Proposé par le Conseil de la Nuit, le principe a été repris dans une proposition d’ordonnance portée par Pascal Smet (Vooruit), qui prévoit d’intégrer ce principe dans le Code bruxellois de l’aménagement du territoire, et dans celui du logement. L’obligation s’appliquera dans un rayon de 20 mètres autour des établissements concernés. Est également incluse l’obligation de mentionner la présence de ces lieux dans les baux immobiliers, ce qui n’est pour l’instant pas le cas, protégeant ainsi les futurs locataires qui seraient conscients d’aller habiter près d’un lieu festif et bruyant. Le projet a été amendé et approuvé par le Conseil d’État, mais doit encore être voté en séance plénière du parlement bruxellois avant publication au Moniteur belge, se retrouvant ainsi suspendu au blocage politique actuel de la région. Son adoption représenterait une étape cruciale dans une reconnaissance urbaine de la fête.

Révolutionner la fête par… des cartes et des normes urbanistiques

S’il faut mentionner la présence d’établissements festifs dans les baux, l’établissement d’une carte d’urbanisme les répertoriant apparaît alors comme indispensable. C’est ce qu’a entrepris 24H Brussels en élaborant une carte nocturne, pour «avoir une vision stratégique du territoire», explique l’urbaniste Nicolas Hemeleers. Nommée «Territoires de la nuit», cette étude urbanistique prend le parti pris de dresser un portrait de la ville à travers sa seule vie nocturne et festive, une première à Bruxelles. «Cette carte va beaucoup servir», assure Alya Dirix. Selon elle, elle permettra «d’optimiser» le développement du territoire en identifiant les «zones potentielles en termes d’espace». «On se rend compte que certains endroits sont laissés vacants ou ne sont pas utilisés à leur plein potentiel.»

«La fête est un des derniers espaces d’expérience collective! C’est quelque chose d’important pour nos sociétés.»

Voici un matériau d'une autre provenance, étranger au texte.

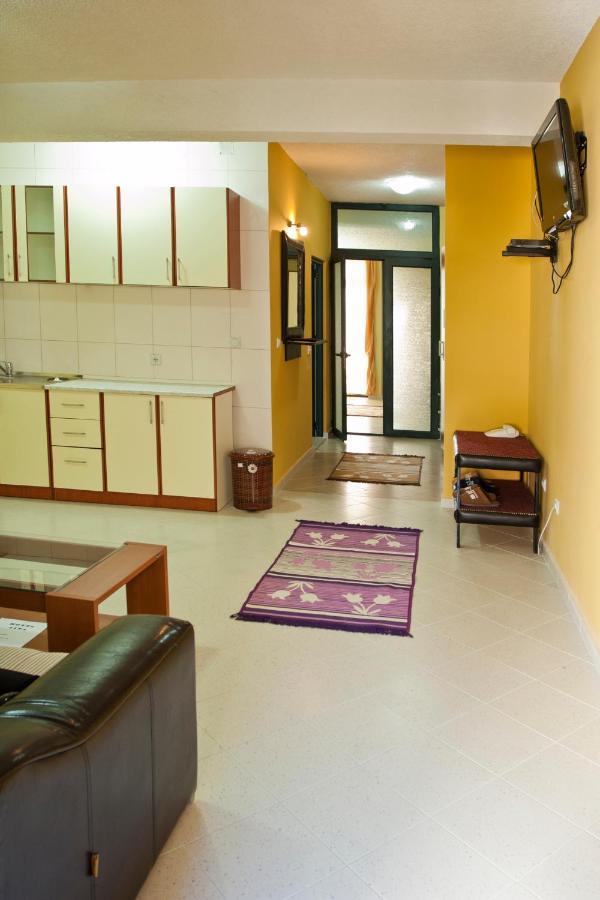 Apartmani Aida Ulcinj Buitenkant foto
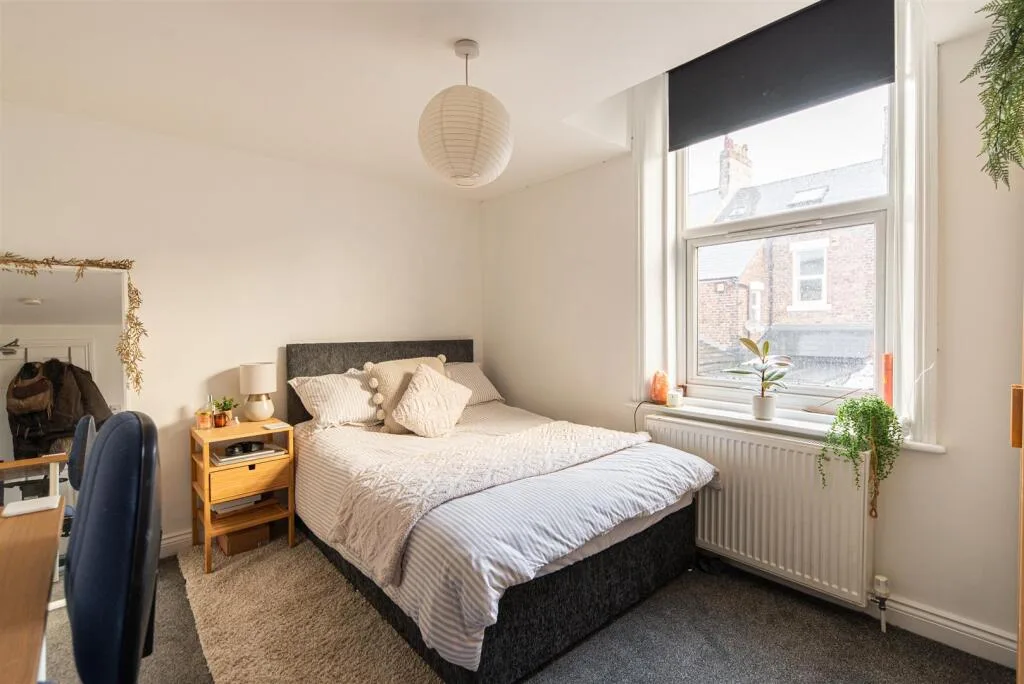 6 bedroom terraced house for rent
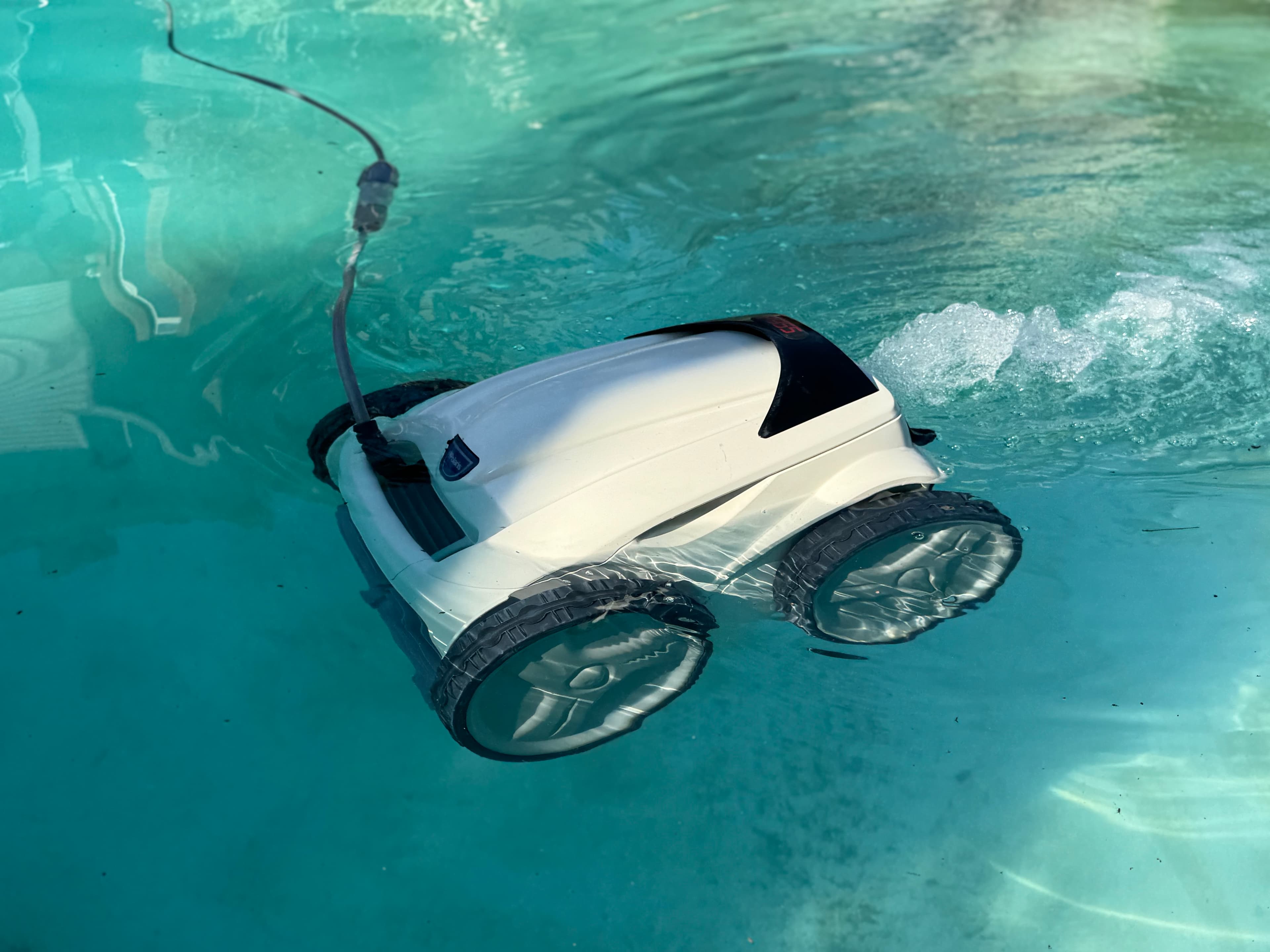 Best Robotic Pool Cleaners in Canada in 2026: Cordless Convenience, Pool Coverage, and Real-World Cleaning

Nicolas Hemeleers, 24H Brussels

Par la même approche, une nouveauté urbanistique pourrait changer la donne. Une réforme du Plan régional d’affectation du sol (PRAS) est actuellement à l’étude. Elle viserait à intégrer les espaces festifs comme «équipements d’intérêt collectif», au même titre que les musées ou les lieux culturels. Leur considération actuelle comme simples activités commerciales les empêche en effet d’être protégés et justement reconnus dans la planification urbaine. La réforme pourrait à terme amener à une utilisation des bâtiments 24 h/24 et à reconnaître le rôle central de la fête dans la vitalité de la ville, sans décentrer les activités, mais en les intégrant dans des zones stratégiques. Cette évolution, saluée comme une avancée des mentalités par Maude Glorieux et Alya Dirix, pourrait permettre de cimenter la valorisation de la vie nocturne bruxelloise.

La fête bruxelloise: espèce emblématique, précieuse, mais en péril

Si Bruxelles est une jungle (urbaine), alors la fête est sa faune nocturne, dans un milieu diurne. Emblématique, précieuse, mais de plus en plus en péril. Le risque d’un appauvrissement est réel. Ainsi, Stanislas Levacq invoque l’importance des subsides publics pour certains types d’évènement hors des sentiers battus, afin de «soutenir des formes d’art singulières, pas toujours dans la norme». Nicolas Hemeleers évoque les lieux d’occupations temporaires, qui ne cessent de se déplacer jusqu’au jour où ils risquent de ne plus pouvoir. Et Alya Dirix alerte sur le fait que «tout pourrait s’écrouler très vite au vu de la fragilité de l’écosystème», en témoignent les nombreux clubs menacés de fermeture. Le mot de la fin revient à Nicolas Hemeleers: «La fête est un des derniers espaces d’expérience collective! C’est quelque chose d’important pour nos sociétés.» Quand une espèce est menacée, il faut la protéger.